BROMLEY, William (?1663-1732), of Baginton, Warws.

Published in The History of Parliament: the House of Commons 1715-1754, ed. R. Sedgwick, 1970
Available from Boydell and Brewer



1690 - 1698
21 Mar. 1701 - 13 Feb. 1732

Family and Education

b. ?1663, 1st s. of Sir William Bromley of Baginton by Ursula, da. of Thomas Leigh, M.P., 1st Baron Leigh, of Stoneleigh. educ. Ch. Ch. Oxf. 12 Apr. 1679, aged 15; M. Temple 1683. m. (1) Catherine, da. and coh. of Sir John Clobery of Westminster, 1s.;1 (2) lic. 12 Jan. 1698, Elizabeth, da. of Ralph Stawell, M.P., 1st Baron Stawell, of Somerton, Som., 2s. 2da.

Offices Held

Speaker of the House of Commons 1710-13; sec. of state 1713-14.


At George I’s accession Bromley lost his post of secretary of state, declining an offer of a tellership of the Exchequer unless he could have it for life; ‘but others assigned another reason, apprehension of losing his seat at Oxford if he accepted a place at court’. He opposed the Address on 23 Mar. 1715, asked for particulars of royal expenses in the debate on the civil list on 13 May, and defended Harley, Lord Oxford, against the charge of high treason on 7 July. In April 1716 he was one of the principal Tory speakers against the septennial bill. He collected money for the plot to restore the Stuarts with the help of Sweden (see Caesar, Charles), for which the Pretender was advised to write him a letter of thanks, opposed the vote of credit for measures against the threat from Sweden in April 1717; and in December that year supported a motion to reduce the army.2

In February 1718 Bromley fell dangerously ill but, attended by Dr. John Freind, recovered by the summer of 1719. In December 1719 it was reported that Lord Harcourt, a Tory who had gone over to the Government, had ‘assurance of being employed if he could prevail with any number of Tories to come in with him. ... He was very early at Mr Bromley’s lodgings and called there several times, but the other would never be seen’. In December 1720 he opposed the Address and spoke against the army. Next summer, when Sunderland was making overtures to the Tories, Bromley told Lord Oxford:

I had a great deal at second hand of the project then pretended to be carrying on, but wanting faith, I absolutely declined the opportunities offered and pressed upon me of receiving all possible assurances. ... Promises were made to me so extravagantly large, that it was affronting me to imagine I could think them sincere, and be imposed upon by them.3

In the winter Bromley tried to regroup the dissidents in the party, including Sir William Wyndham, under Oxford, but the attempt came to nothing. After the discovery of the Atterbury plot, he opposed the suspension of the Habeas Corpus Act in October 1722. On 11 Mar. 1723 he declared there was no cause to proceed against Atterbury for high treason, two days later opposing the imprisonment of Dr. Freind on the same charge. He spoke against the army in January 1724, moved, on 23 Jan. 1727, for papers relating to the treaty of Hanover, and on 5 Feb. 1729 supported a motion for an address asking what demands had been made on our allies under that treaty. In February 1730 when Pulteney demanded that the originals of papers relating to Denmark be produced,

Mr. Bromley then said he had once the honour to be secretary of state, and it was certainly true that secretaries of state do take such papers away with them as the King does not think fit to give a discharge for, though he did not himself stand upon it when he went out of office, but surrendered them all. He did not believe gentlemen would insist upon having the originals of those papers from which extracts were only taken.
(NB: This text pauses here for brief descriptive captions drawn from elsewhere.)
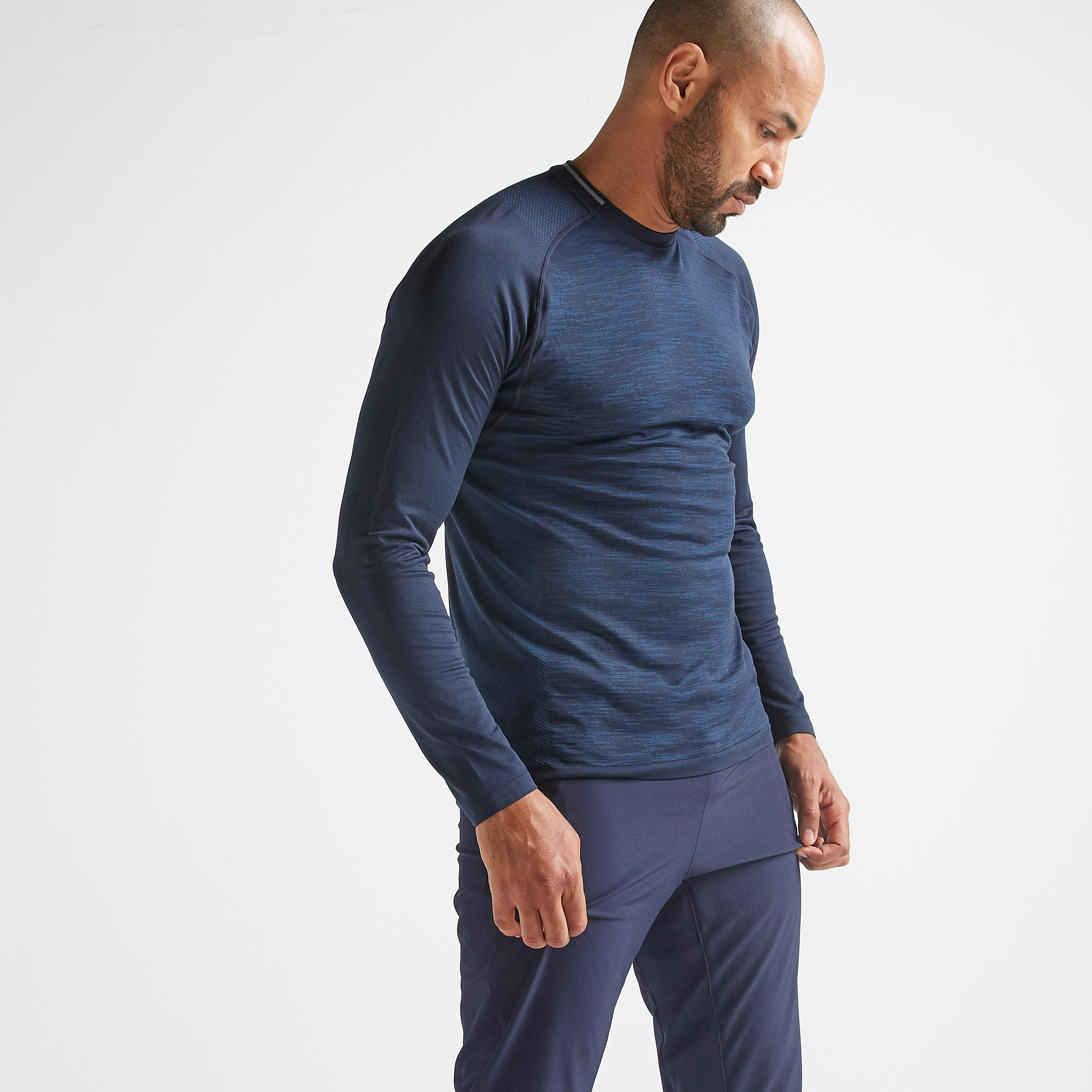 Men Polyester Long-Sleeved Gym T-Shirt - Mottled Blue -  4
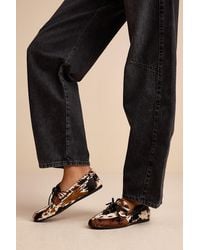 Steve Madden - Sag Cow Print Calf Hair Leather Lace-Up Loafers - Lyst
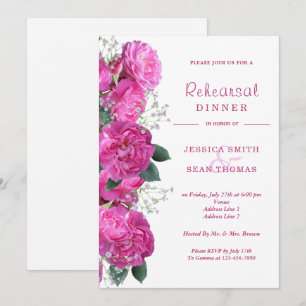 Romantic Floral Bouquet Wedding Rehearsal Dinner Invitation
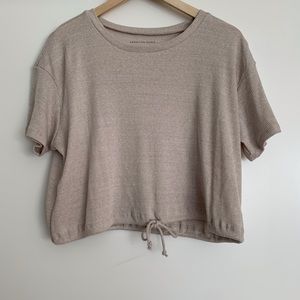American Eagle Outfitters Beige Sweater Crop Top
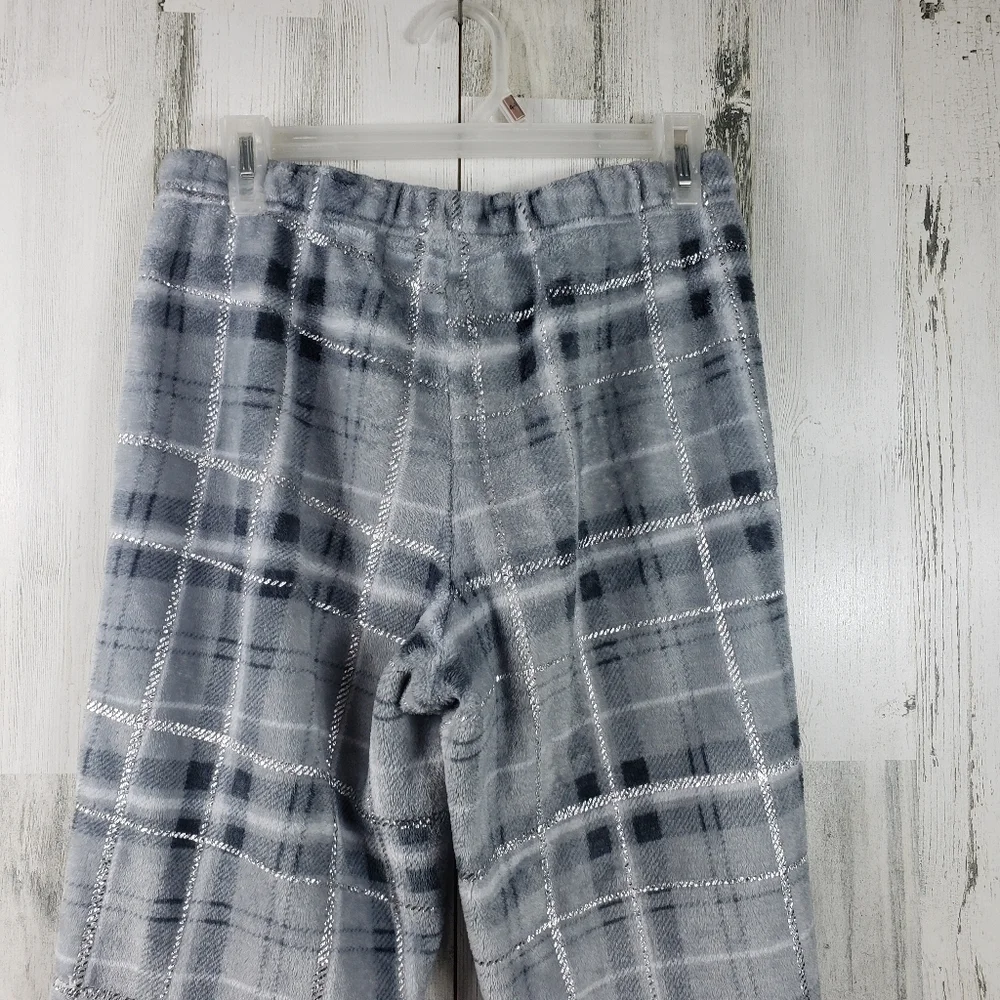 secret treasures gray silver sparkle fleece pajama pants women's size S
In February 1732 Hearne, the antiquary, records

a warm debate in the Parliament House ... about a standing army where the Rt. Hon. Mr. Bromley, one of the burgesses for the University of Oxford, was present, but went ill out of the House, and died two or three days after [13 Feb.], which is a great loss he being an honest man, and he is reckoned by some to have died a martyr in the service of our university.4

Ref Volumes: 1715-1754

Author: Eveline Cruickshanks


  • 1. Vivian, Vis. Devon, 201.
  • 2. Pol. State viii. 330-1; Sir Geo. Beaumont to Sir Thos. Cave, Oct. 1714, Braye mss, City of Leicester Mus. 23D57/2890; HMC Portland, v. 522; HMC Stuart, ii. 464; iv. 453, 482; v. 301.
  • 3. HMC Portland, v. 557, 625; vii. 235, 258, 266.
  • 4. Ibid. vii. 309; Knatchbull Diary; HMC Egmont Diary, i. 54; iii. 345; Hearne, Colls. (Oxf. Hist. Soc.), xi. 32-33.